→ **Task**
The reply should hold only the lines from the one with "Квартира, 1 комната, 37 м - Фото 1" to the one with "Изображение товара Парфюмерная", both ends kept, exactly as they appear below, without any pictures.

→ **Study material**

---

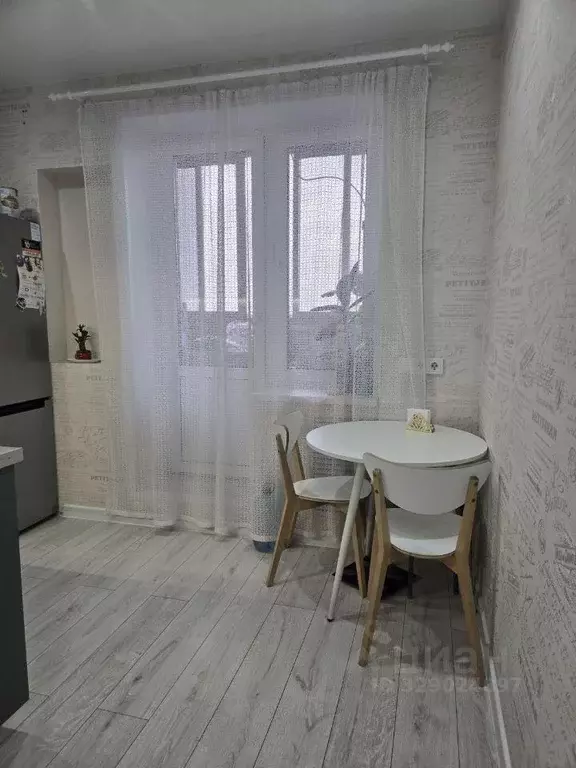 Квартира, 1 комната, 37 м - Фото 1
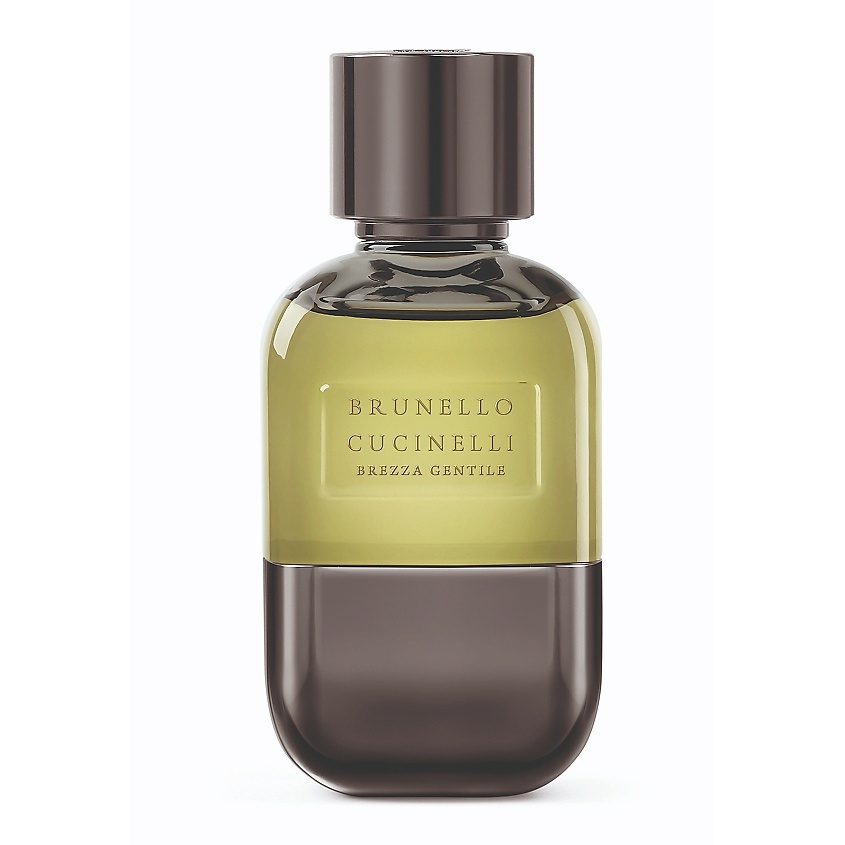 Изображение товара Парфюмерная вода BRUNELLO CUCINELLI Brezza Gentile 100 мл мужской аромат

---

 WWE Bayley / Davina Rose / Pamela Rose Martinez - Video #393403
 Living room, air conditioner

---

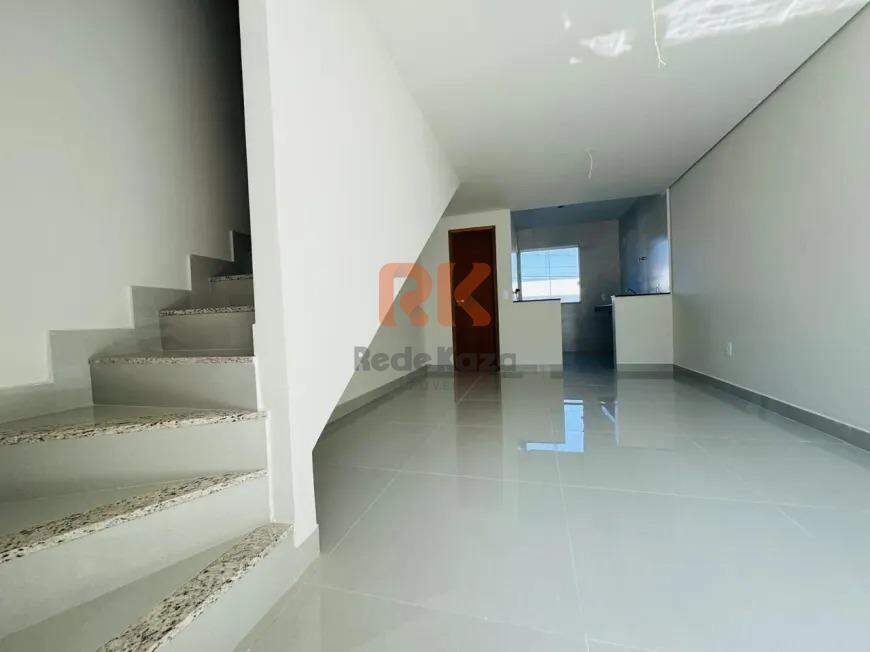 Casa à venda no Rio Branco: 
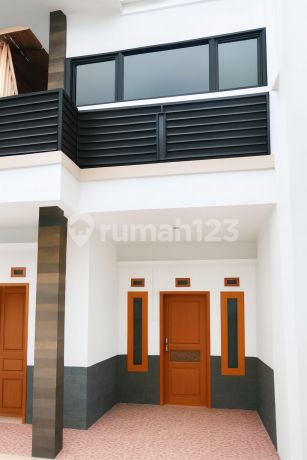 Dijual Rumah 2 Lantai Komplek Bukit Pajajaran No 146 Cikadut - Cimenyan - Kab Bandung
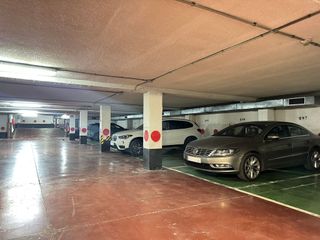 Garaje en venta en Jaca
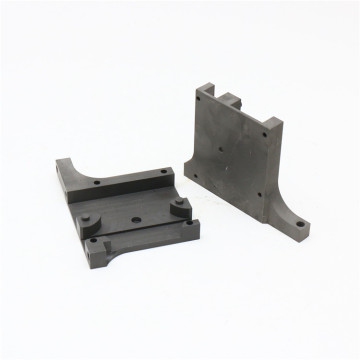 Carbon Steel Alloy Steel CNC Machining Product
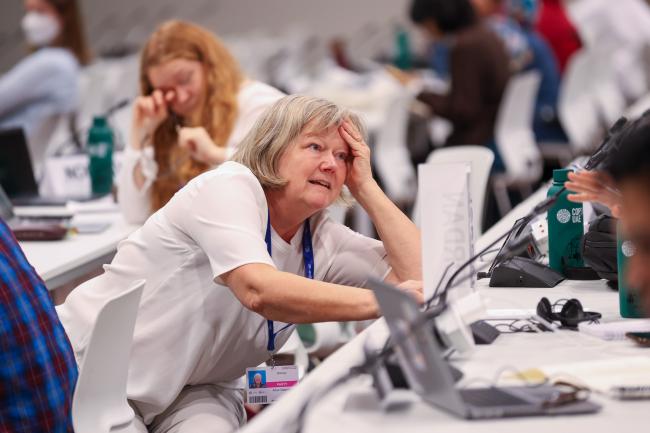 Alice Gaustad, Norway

---

→ **Response for this exercise**
 Квартира, 1 комната, 37 м - Фото 1
 Изображение товара Парфюмерная вода BRUNELLO CUCINELLI Brezza Gentile 100 мл мужской аромат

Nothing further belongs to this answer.